ハッブル宇宙望遠鏡の新カメラがとらえたM83

【2009年11月12日 HubbleSite

今年5月にハッブル宇宙望遠鏡(HST)へ取り付けられた広視野カメラ3(WFC3)がとらえた渦巻銀河M83の画像が公開された。


銀河M83の全体像とHSTによるクローズアップ

(左)M83の全体像(ヨーロッパ南天天文台2.2m望遠鏡)、(右)HSTがとらえた中心部。クリックで拡大(提供:NASA, ESA, R. O'Connell (University of Virginia), the WFC3 Science Oversight Committee, and ESO)

HSTには、今年5月に実施された修理ミッションで、新しいカメラ「WFC3」が取り付けられた。WFC3は、紫外線から近赤外線におよぶ広範囲の波長に対応しており、さまざまな進化の段階にある星をとらえることができ、星形成の歴史を理解するのに役立つ情報を提供してくれる。
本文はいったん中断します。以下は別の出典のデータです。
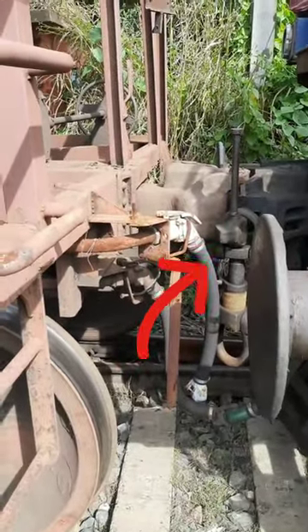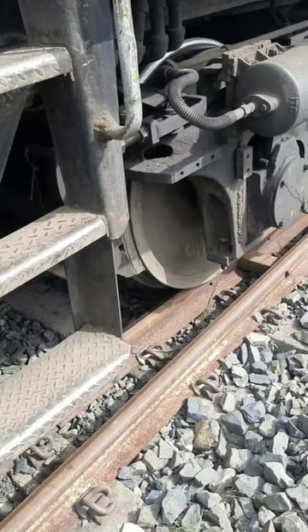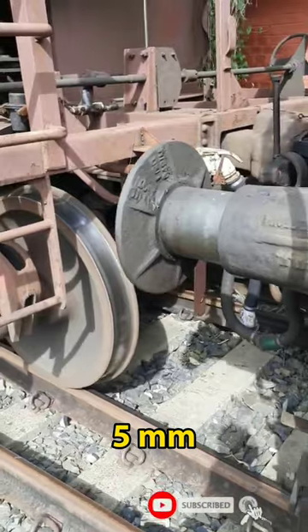And these pipes control the brakes. On the wheels of the train, there are two brake shoes. When the locomotive fills air pressure, the brake shoes are 5mm away from the wheels.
そのWFC3がとらえたM83の中心部の画像が公開された。M83は、うみへび座の方向約1500万光年の距離にある棒渦巻銀河だ。急速な星形成が進んでいて、その華やかな姿から「南の回転花火銀河」と呼ばれる。

画像には、若い星の集団や古い球状星団、さらには個々の恒星(おもに青色超巨星や赤色超巨星)が写っている。

暗いちりの帯の端々では、この銀河でもっとも若い世代の星が星団をつくっている。これら生まれたばかりの星は、自らを包みこんでいたちりの中から姿を現し、(画像中赤く輝いて見える)ガスの泡をつくっている。また、年齢が数百万歳の若い星からの放射によって周囲のガスが吹き飛ばされて、青く明るい星団も姿を見せている。

さらに、銀河の中心を貫くように、ガスやちりなどからなる棒状の構造も見えている。この構造によって銀河の中心に物質が集められ、活発な星形成が引き起こされていると考えられている。

なお、この画像には、これまでに知られていた数の5倍を上回る60個もの超新星残骸がとらえられている。これらの天体を研究すると、この銀河の重元素を作り、それを銀河中にばらまいた星の先祖の特性に関する情報がもたされる。